39‑latka zjadła nieumyte owoce. Konsekwencje były poważne
Anna Gilmour nigdy by nie przypuszczała, że coś tak trywialnego, jak mycie owoców przed jedzeniem, zaważy o jej życiu. Kiedy po jakimś czasie zaczęła tracić na wadze i mieć biegunkę, myślała, że to niestrawność. Prawda okazała się o wiele gorsza.
26.01.2018 | aktual.: 26.01.2018 20:36
Zalogowani mogą więcej
Możesz zapisać ten artykuł na później. Znajdziesz go potem na swoim koncie użytkownika
Anna pochodzi z Esher w południowo-wschodniej Anglii. Kobieta nie pamięta dokładnie momentu, gdy zjadła nie umyty wcześniej owoc, który kupiła w okolicy. 39-latka nie zdawała sobie również sprawy, że zapadnie w ten sposób na rzadką chorobę. Co gorsza, choroba ta przez dwa lata maskowała dużo poważniejszy problem.

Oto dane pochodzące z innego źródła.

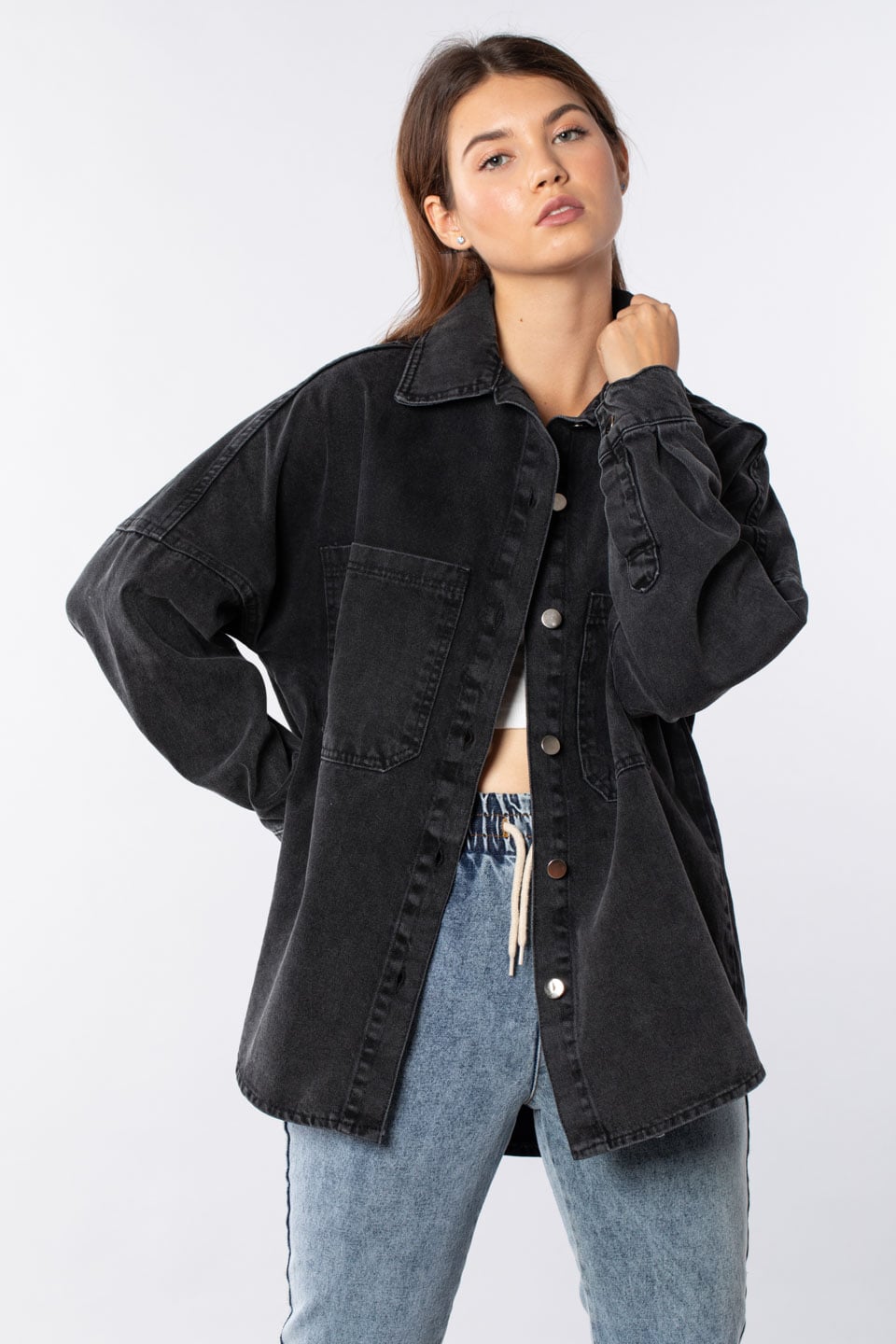 Oversize çift cepli denim ceket-3001 Siyah Kar Y.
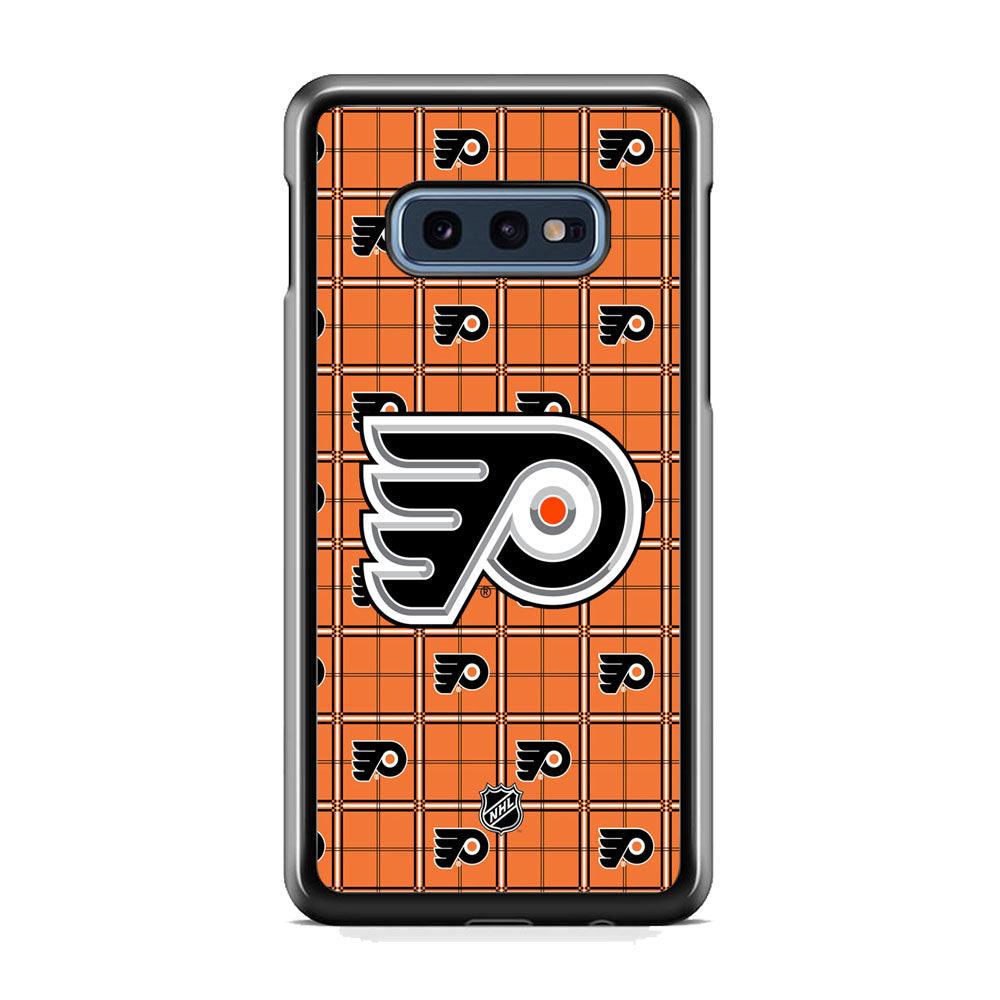 NHL Philadelphia Flyers Logo in Flanel Samsung Galaxy S10E Case-Rubber Black (2D Case)-Oxvistore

Jakiś czas po zjedzeniu owocu Anna zaczęła bardzo szybko chudnąć i mieć biegunkę, co skłoniło ją do przypuszczeń, że zaraziła się giardiozą, chorobą wywoływaną przez pasożyty. Badanie potwierdziło, że Anna rzeczywiście zaraziła się nią po zjedzeniu brudnego owocu. Przez dwa kolejne lata kobieta często miewała wzdęcia lub bóle brzucha – a potem nagle ustały. Anna, matka dwójki dzieci, nareszcie poczuła ulgę i była przekonana, że jej zdrowotne dolegliwości wreszcie się skończyły.
Po 12 miesiącach bóle i wzdęcia wróciły. Co więcej, Anna, która za namową siostry – pielęgniarki zwróciła się po pomoc do lekarza, usłyszała druzgocącą diagnozę. Wykryto u niej raka jelita.
Szczególnie trudny był moment, w którym Anna musiała powiedzieć o swojej chorobie synom. Kiedy miała operację, a potem chemioterapię, wykorzystała "Gwiezdne Wojny", by wyjaśnić 7-letniemu Samowi, co się dzieje. – Powiedział, że to tak, jakby usunęli ze mnie Gwiazdę Śmierci, lecz wciąż były drony, które mnie atakują – wspomina w rozmowie z "Daily Mail".
– Rak ma takie same objawy jak zespół jelita drażliwego i griardioza, więc zawsze myślałam, że cierpię na to ostatnie – mówiła. Po ośmiu tygodniach chemioterapii i operacji usunięcia guza, Anna jest już wolna od nowotworu. Opowiada swoją historię, ponieważ chce, by jak najwięcej osób zdało sobie sprawę, że rak jelita atakuje nawet bardzo młode osoby.
U 39-latki rak zostałby zdiagnozowany dużo wcześniej, gdyby nie choroba wywołana zjedzeniem nieumytego owocu. – Miałam pecha, że zachorowałam jednocześnie na giardiozę i raka. Jakie są na to szanse? – mówi dla "Daily Mail".
Kobieta wskazuje na to, że szczególnie u młodych ludzi rak jelita jest diagnozowany za późno. Nie myli się. Ten rodzaj nowotworu jest szczególnie podstępny, ponieważ bardzo długo nie daje żadnych charakterystycznych objawów, a te różnią się w zależności od odcinka narządu, który został zaatakowany. Czasami jest to ból brzucha, innym razem krew w stolcu, biegunki, zaparcia, wzdęcia. Bywa też, że pacjenci nie mają żadnej z tych objawów. Rak jelita grubego jest trzecim nowotworem co do liczby zachorowań w Polsce.